In early 2009, in "Fixing the Facts and Legal Opinions Around the Torture Policy," I took dead aim at the sophistry employed by President Barack Obama to evade his constitutionally mandated obligation to see that the laws are faithfully executed. The same Harvard Law School-educated President who said that, in torture, America had lost its "moral bearings," suggested we must only look forward, not back. As I noted at the time, it was an "illogical formulation [that] was incompatible with the very essence of the rule of law."
Those prosecutions were not forthcoming, and, as a result, we find two writers at Los Angeles Times discussing the dispute triggered by the movie, Zero Dark Forty, over the efficacy of torture without so much as a passing reference to the fact that torture is a crime under both U.S. and international law.
This woefully deficient "coverage" drew a sharp and very personal response, given my family's history, by way of a Letter to the Editor I wrote to the paper, which they recently edited, and then published...

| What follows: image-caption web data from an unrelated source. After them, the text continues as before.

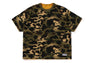 A BATHING APE DOUBLE FACE TEE BAPE LEGACY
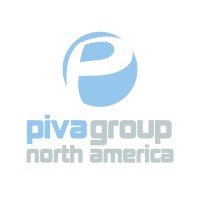 Piva Group North America logo - Similar company to Piva Group Spa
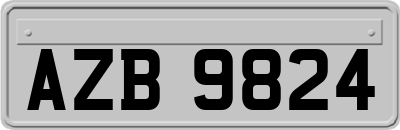 AZB9824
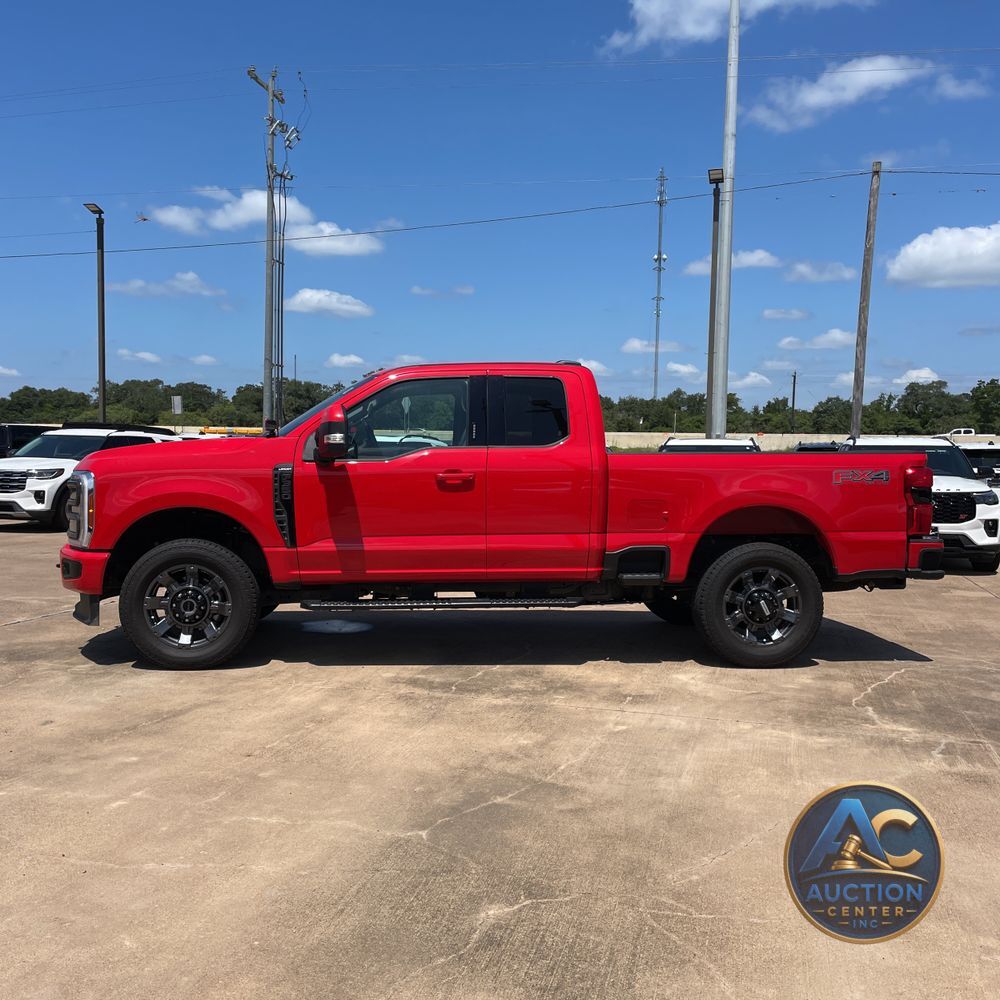 2023 Ford F-350 Super Duty Lariat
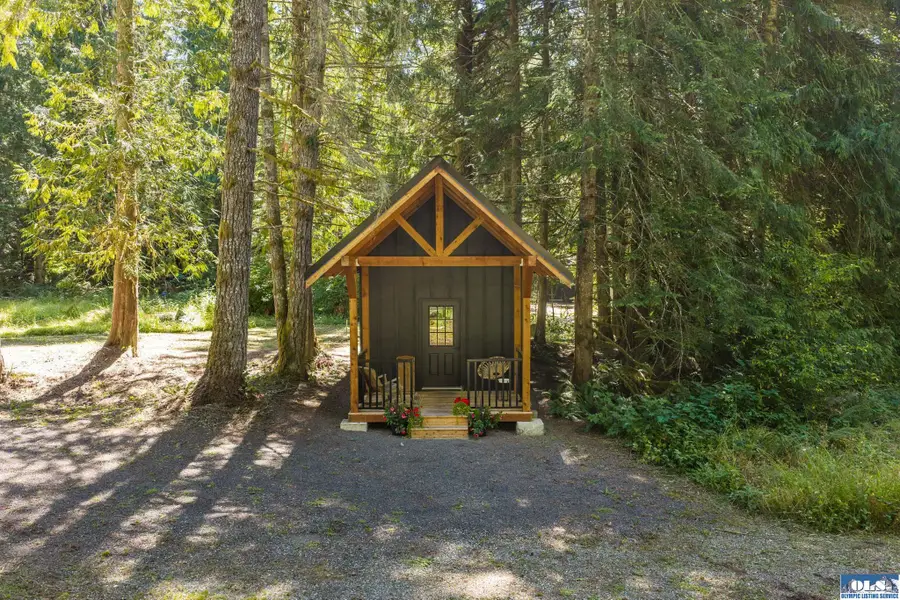 83 Lostwood Lane, Sequim, WA 98382 - #2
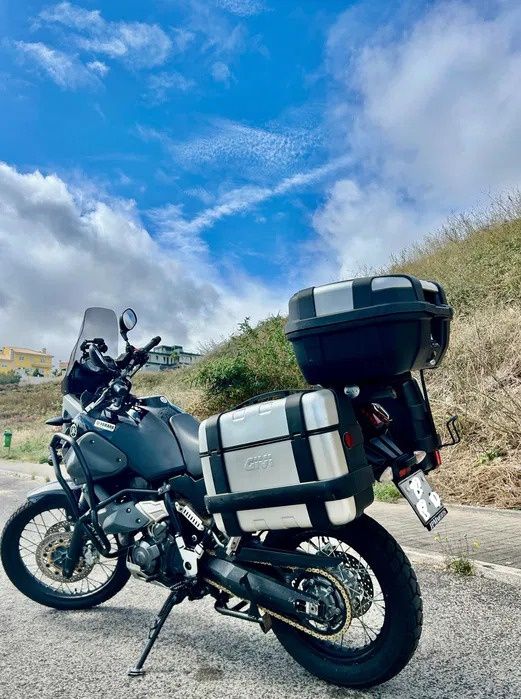 Mota Teneré 660cc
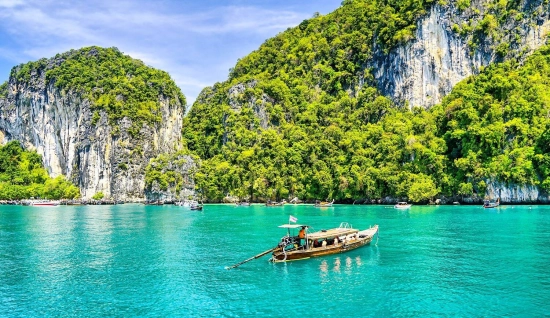 Cambodia Thailand Tour 11 Days: Cultural and Scenic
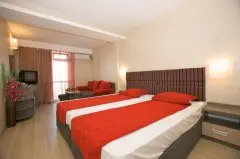 Hotel Kotva  opcja All Inclusive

My letter/response to Los Angeles Times follows:
In Dec. 1941 my father was waterboarded by the Japanese in Shanghai. Even though he thought he was signing his own death warrant, he confessed that he was a British agent. It wasn’t true, but, at that moment, he would have signed anything just to end his ordeal.
Irrespective of whether the information garnered by torture turns out to be true, and there’s no way at the time to know, torture is a crime under both U.S. law and international treaties. In 1948 the Japanese officer responsible for waterboarding my father was tried and convicted at the war crimes trials in Hong Kong. That same standard should be applied to the Americans who ordered or took part in waterboarding.
In a reply email, Los Angeles Times Letters Editor Paul Thornton advised me that an edited version of the above letter was "scheduled for publication in Sunday's Los Angeles Times." The edited version did not include my criticism of the paper's failure to mention the legal issue in its coverage of the story.
Instead, the first line, published on Dec. 16, reads: “I am deeply troubled that anyone would suggest there's a debate on the efficacy of torture.”